I ran on the grass and pavement as much as I could.  I am noticing so much, how my feet just naturally know what to do and how to maneuver around any terrain, running this way.  There is really something to having your feet “feel” the ground.  It’s like I’m not just running- I’m connecting with everything around me by my feet.  I don’t feel everything of course, but so much more than I ever have.

I notice my toes shifting constantly too.  I’m not even thinking about moving them, but they do.  They will spread out on grass or trail more, compared to pavement. I would guess because they need to sense what is coming on uneven terrain like a trail, versus a smooth surface like pavement.

It’s like my toes are milseconds ahead of the rest of me. Tonight I *almost* fell in two holes I didn’t see in the grass.  But my toes instantly felt the difference and adjusted- that quickly. One hole, it was deep. My ankle turned slighty, but my toes were already grasping at the top of the hole, and even though I felt a little twitch in my ankle, I was able to straighten it out in milliseconds.  It was fine. I didn’t even miss a step.
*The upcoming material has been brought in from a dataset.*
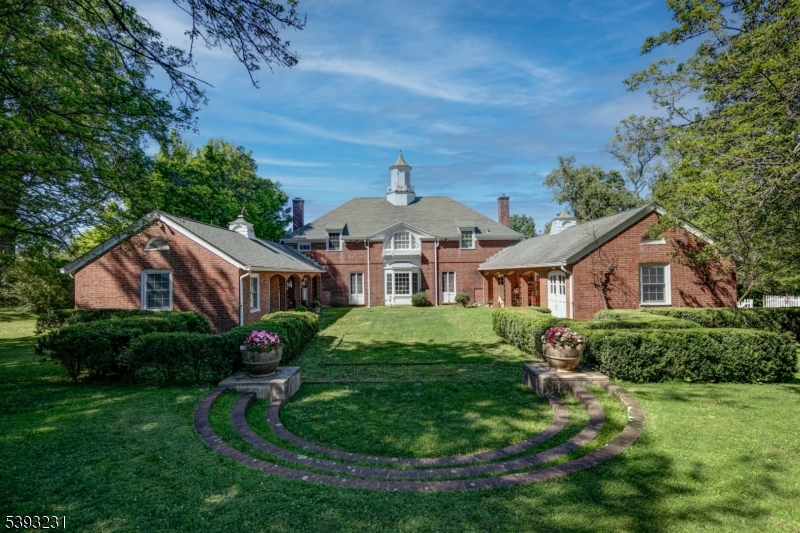 Historic 100-year-old carriage house ready for new vision on 8.7 acres of storied property.  Originally part of the family compound where the United States Golf Assn Museum now resides.  The century-old setting frames the converted carriage house with extraordinary character. Designed by John Russell Pope in 1919, this red brick structure with center courtyard was partially renovated in 2010 and is currently a residence with six bedrooms, six baths, office/den, open-concept living grand great room/music area.  Two en suite bedroom suites are located on the first level. The majestic land offers spectacular privacy and an unsurpassed pedigree for the rebirth of a twenty-first century masterpiece. The next steward of the historic site can append new construction to the existing fine design and blend today's desired amenities with the charm of a century ago in perfect harmony.  Architectural drawings are available for a magnificent re-design with addition totaling 10,000 square feet of living space.  The pedigree of this beautiful haven is extensive and an extremely rare find. An unbelievable lifestyle awaits a new owner with vision and desire to dwell on a piece of history amidst the Somerset Hills.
I just couldn’t help but think, as I ran on, if that had happened in my regular shoes, I likely would have twisted my ankle. By the time my toes and foot would have realized what was happening, my ankle would have been turned too far in the wrong direction.  There is just no way in regular shoes, my toes could feel ahead of what was coming. They couldn’t- too much padding.  The shoes cut off that feeling from the feet and toes.

I feel like my toes are almost like antennas now- effortlessly sending messages every second to my body on what to do, how to step, how to maneuver, how to strike, how to land.  In almost 3,000 miles of running I’ve done in traditionalist shoes, I just never experienced that foot, ground, body connection.  I’ve experienced it now almost every time I’ve ran, and I’m only 12 miles into running this way.  It’s quite amazing to me!
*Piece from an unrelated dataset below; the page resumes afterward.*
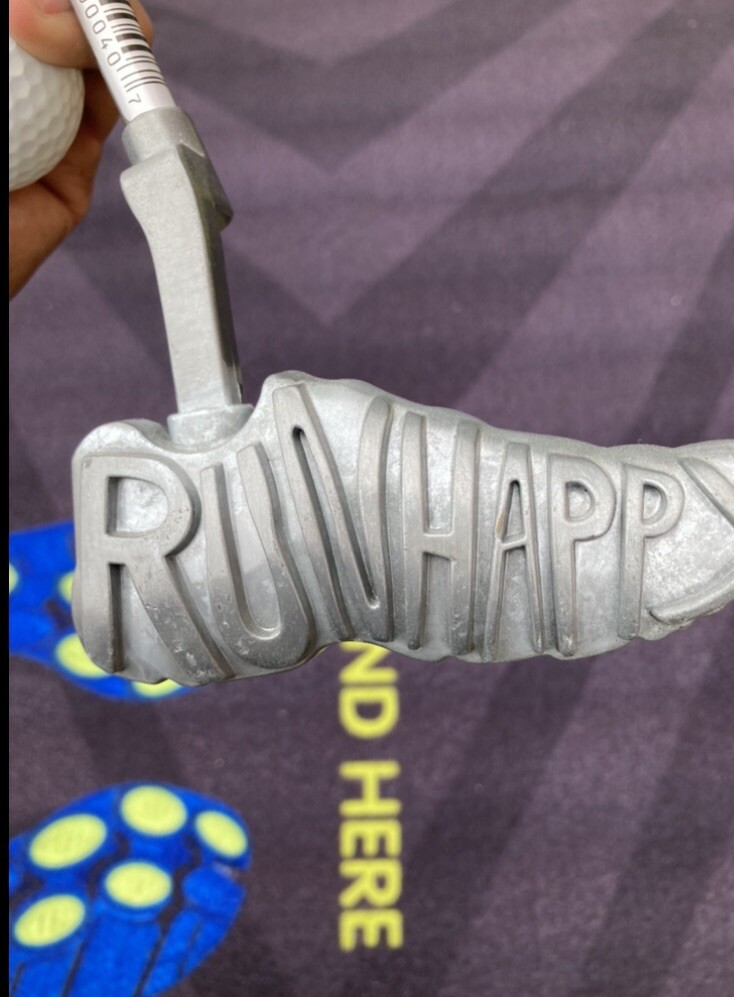 Brooks golf putter with putting mat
I just kept running tonight.  It felt freeing and I had some things on my mind, but when I was running, I was just enjoying it all.  The sunset, the terrain, the marvel at my body, every last cell working together- even in advance of myself.
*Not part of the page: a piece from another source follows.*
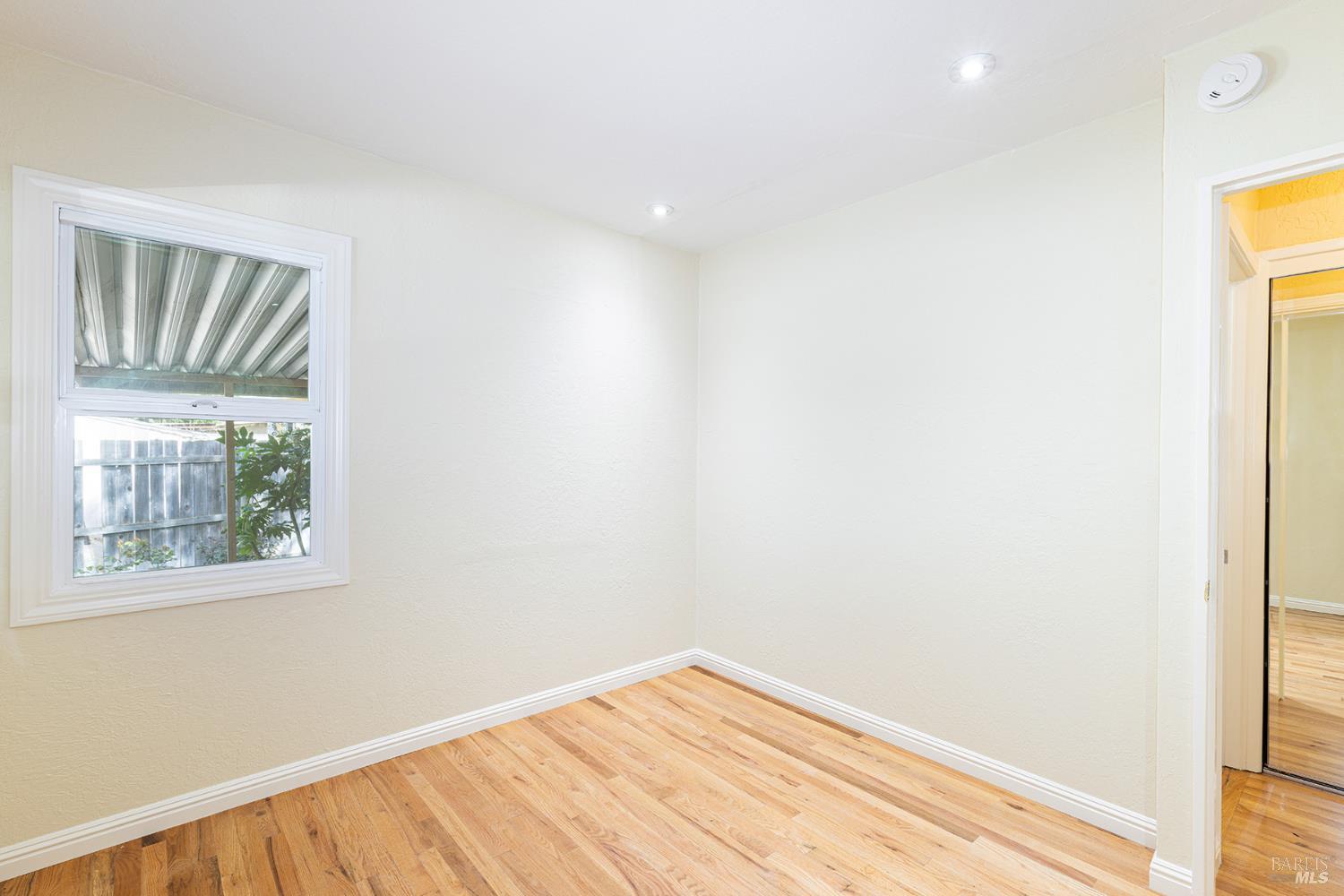 18090 Las Lomas Road Sonoma, CA 95476 - Photo 23 of 37 a view of empty room with wooden floor and fan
Pretty soon, I realized I had already 2.5 mi.  It felt easy. I was even wondering if I had really only ran 1.5 miles, but the Garmin confirmed what I had ran.

I headed back, knowing I’d have 5 miles if I ran the entire time. I hadn’t set out to do 5 miles, but it was the distance that I did, and felt good running tonight.

On the way home, I saw a hawk- it was soaring above me.  There was a lot of beauty in that- that hawk was just as free as I was soaring in the sky- he wasn’t thinking about wing span or flight times- he was just doing his thing, and letting the wind carry him.

That is how I’m trying to run.  And I’m getting better and better at it, with every run. Just letting my body take over, instead of thinking about it.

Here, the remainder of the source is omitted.